## DIRECTIONS
Your copy should begin with the line containing "Silver goblet in shape of horn. — image 2", end with the line containing "TERS DİKİŞ DETAYLI UZUN ETEK - BEJ", match the listing below exactly, and contain no pictures.

## GIVEN DATA
————
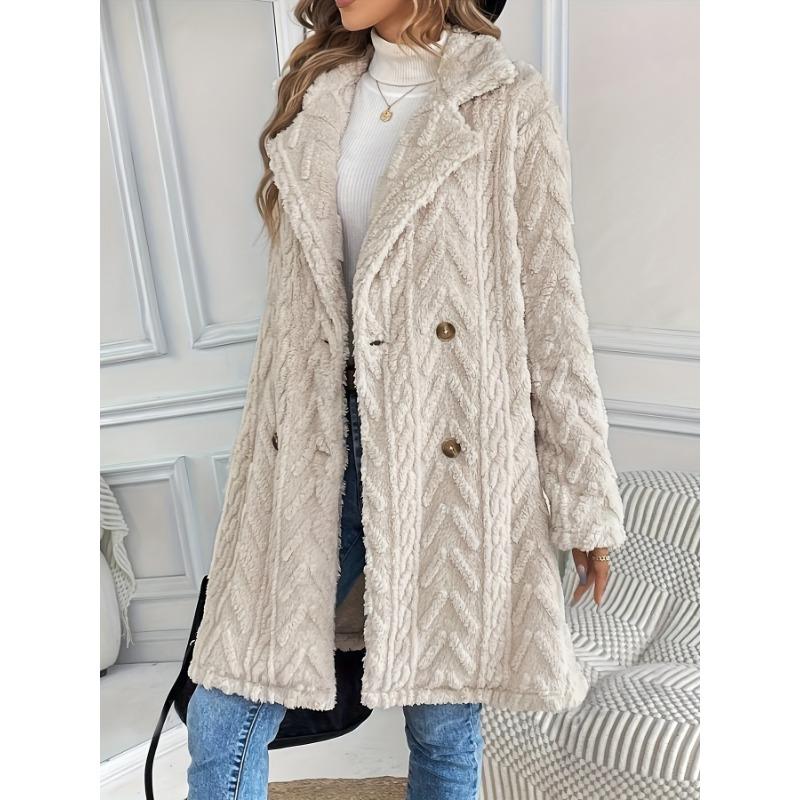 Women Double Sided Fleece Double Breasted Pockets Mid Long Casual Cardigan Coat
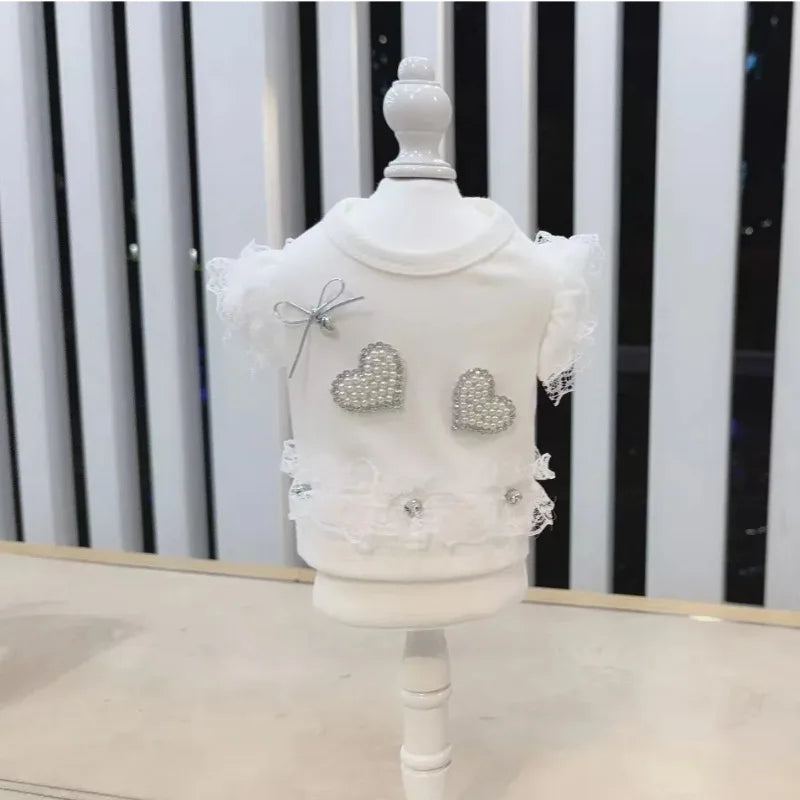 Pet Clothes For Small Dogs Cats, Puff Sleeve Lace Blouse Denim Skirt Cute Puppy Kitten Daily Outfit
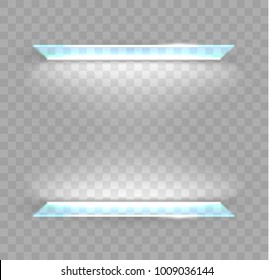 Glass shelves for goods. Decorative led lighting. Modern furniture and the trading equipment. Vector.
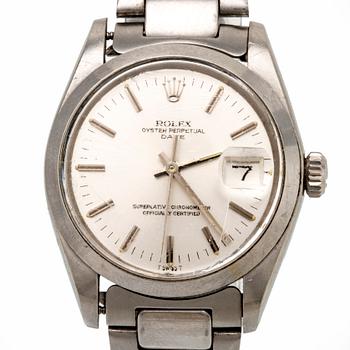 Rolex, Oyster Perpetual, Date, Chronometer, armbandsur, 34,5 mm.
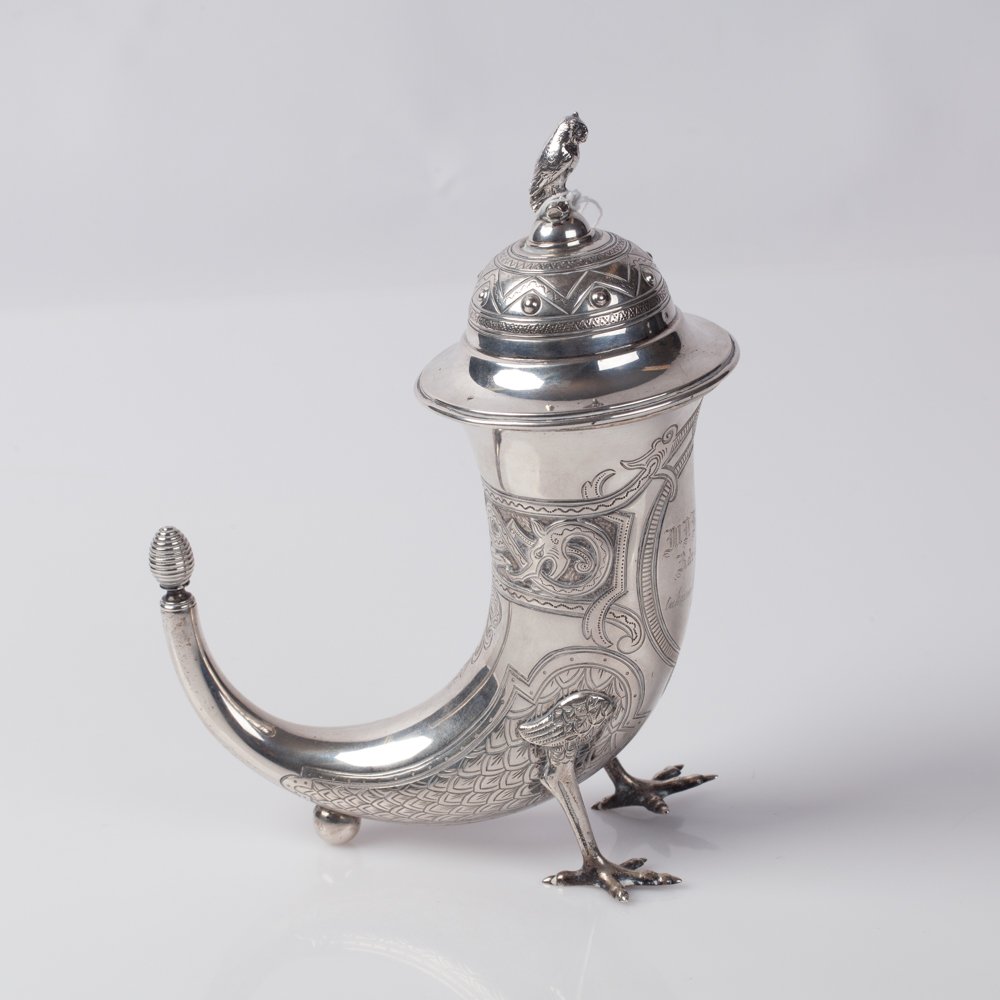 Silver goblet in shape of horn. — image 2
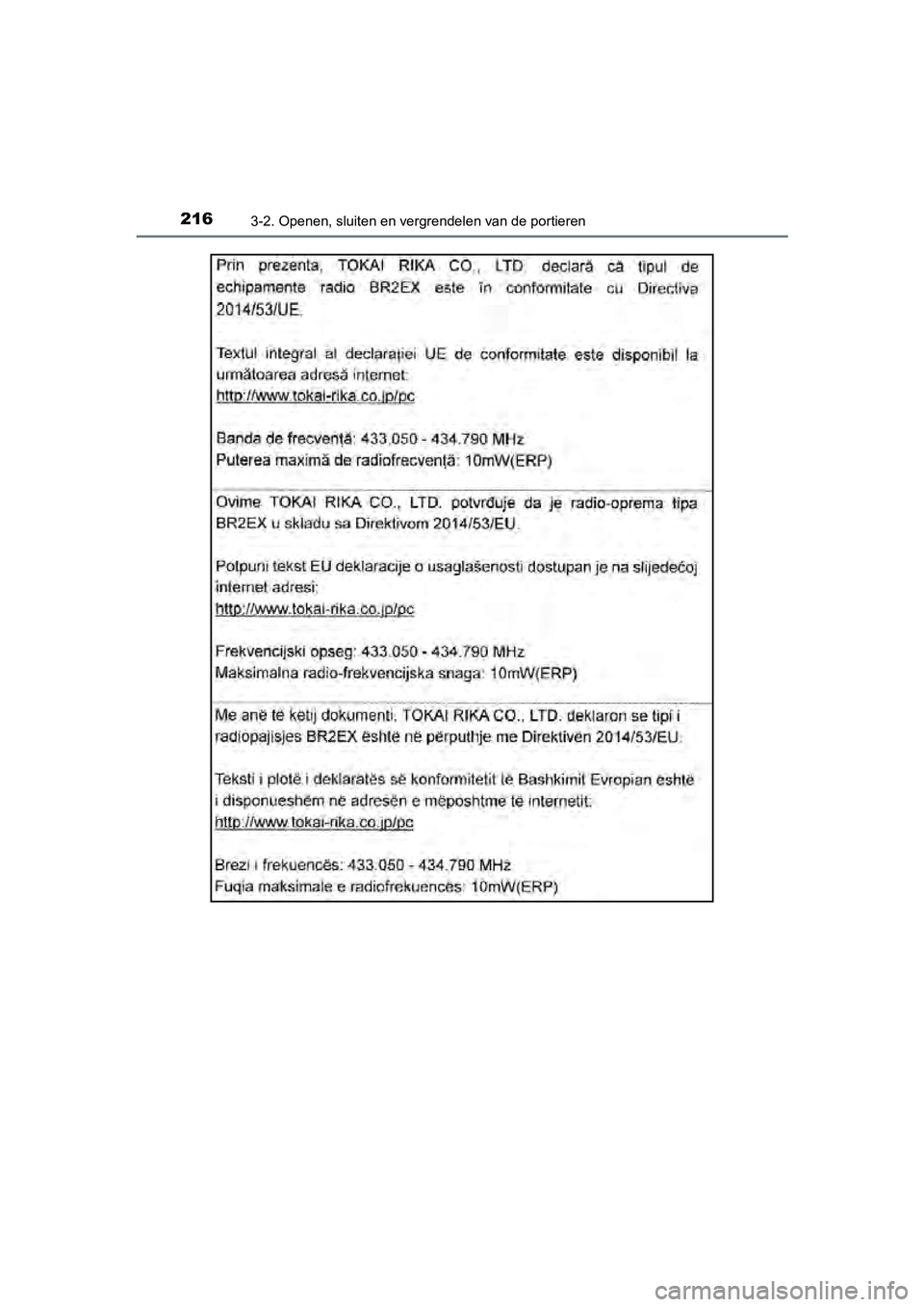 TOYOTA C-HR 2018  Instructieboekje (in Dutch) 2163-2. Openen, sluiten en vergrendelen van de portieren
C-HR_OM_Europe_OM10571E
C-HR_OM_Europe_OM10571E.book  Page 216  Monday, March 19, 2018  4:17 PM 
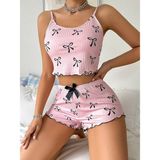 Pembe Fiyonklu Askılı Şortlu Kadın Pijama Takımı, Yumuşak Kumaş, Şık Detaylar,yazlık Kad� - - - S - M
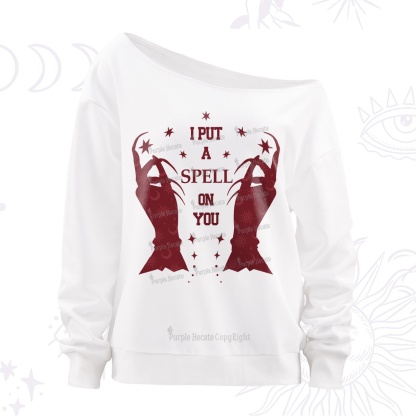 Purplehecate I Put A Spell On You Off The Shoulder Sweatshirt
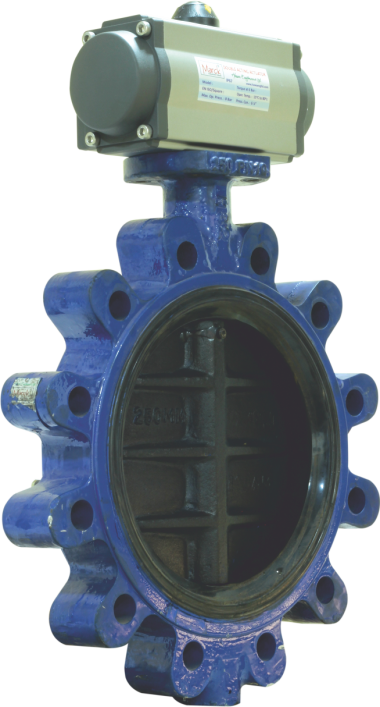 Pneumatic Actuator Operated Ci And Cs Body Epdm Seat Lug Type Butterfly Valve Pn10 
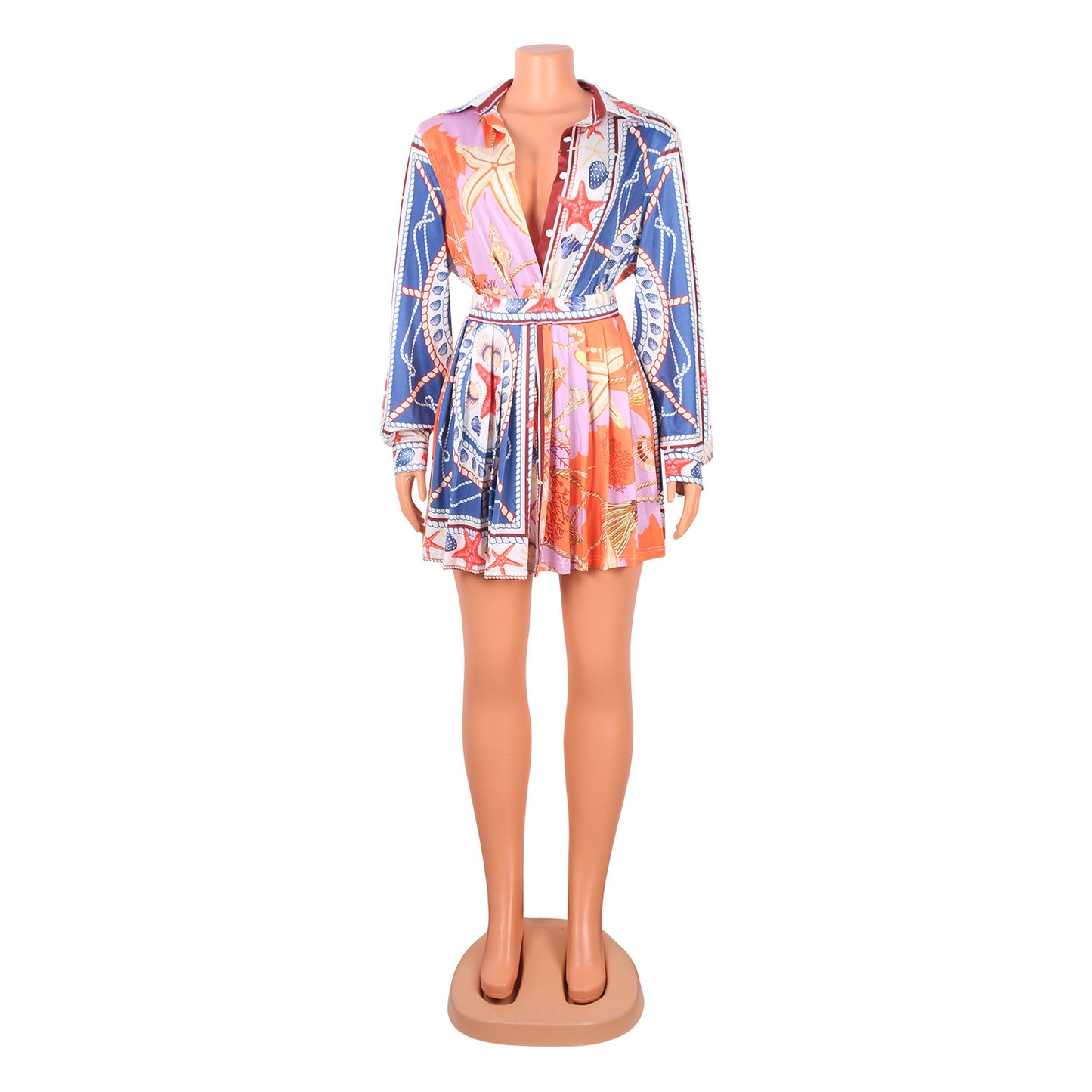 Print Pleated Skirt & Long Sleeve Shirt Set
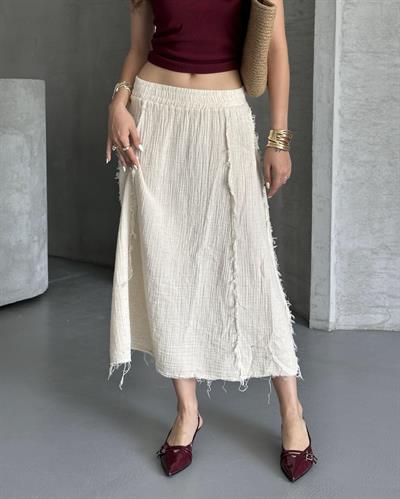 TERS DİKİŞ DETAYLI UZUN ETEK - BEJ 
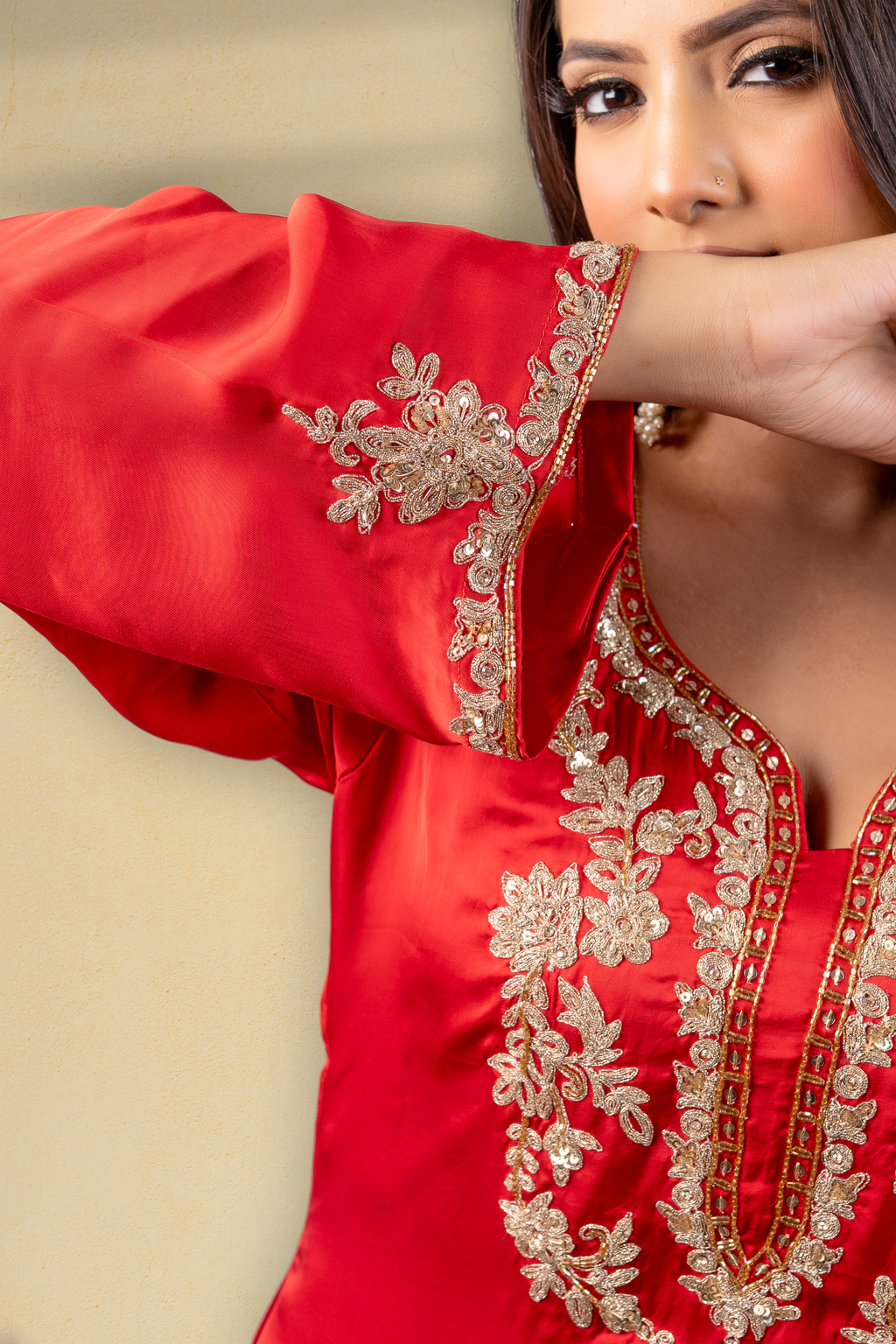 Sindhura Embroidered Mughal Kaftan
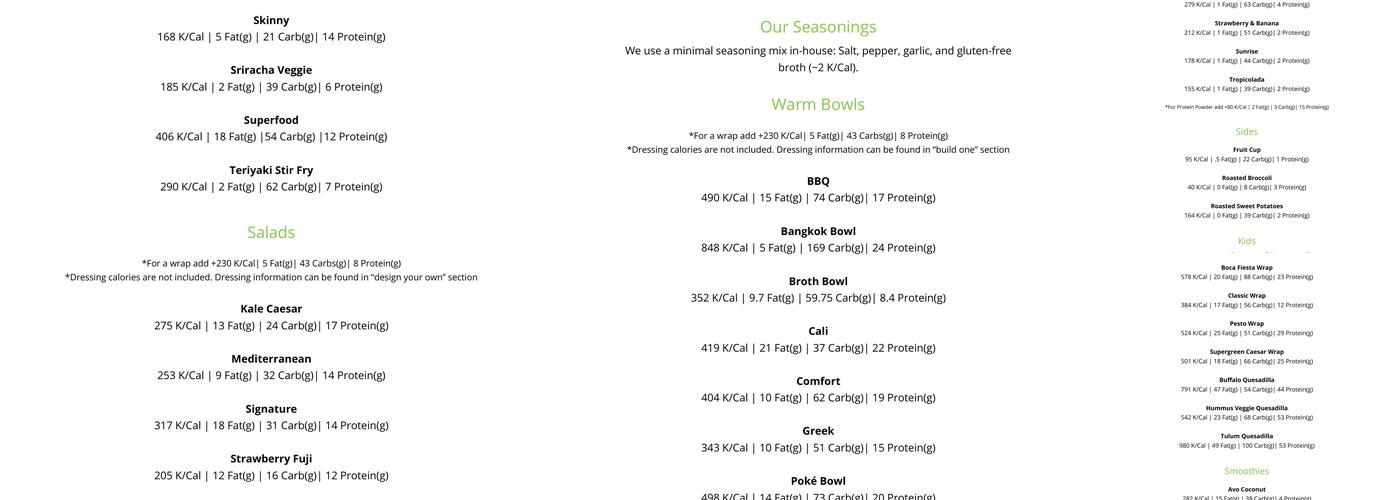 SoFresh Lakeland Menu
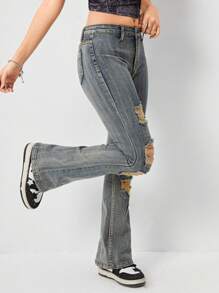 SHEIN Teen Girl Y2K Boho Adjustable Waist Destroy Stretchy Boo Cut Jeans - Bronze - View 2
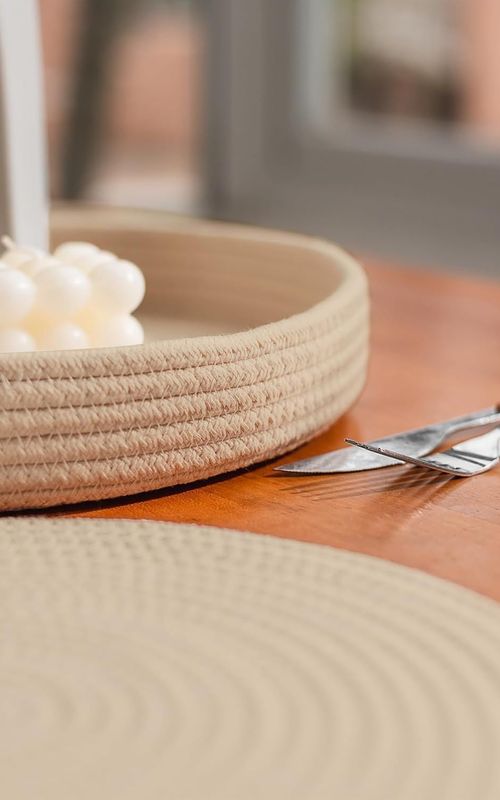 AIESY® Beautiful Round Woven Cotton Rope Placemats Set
————
## RESPONSE
 Silver goblet in shape of horn. — image 2
 TOYOTA C-HR 2018  Instructieboekje (in Dutch) 2163-2. Openen, sluiten en vergrendelen van de portieren
C-HR_OM_Europe_OM10571E
C-HR_OM_Europe_OM10571E.book  Page 216  Monday, March 19, 2018  4:17 PM 
 Pembe Fiyonklu Askılı Şortlu Kadın Pijama Takımı, Yumuşak Kumaş, Şık Detaylar,yazlık Kad� - - - S - M
 Purplehecate I Put A Spell On You Off The Shoulder Sweatshirt
 Pneumatic Actuator Operated Ci And Cs Body Epdm Seat Lug Type Butterfly Valve Pn10 
 Print Pleated Skirt & Long Sleeve Shirt Set
 TERS DİKİŞ DETAYLI UZUN ETEK - BEJ 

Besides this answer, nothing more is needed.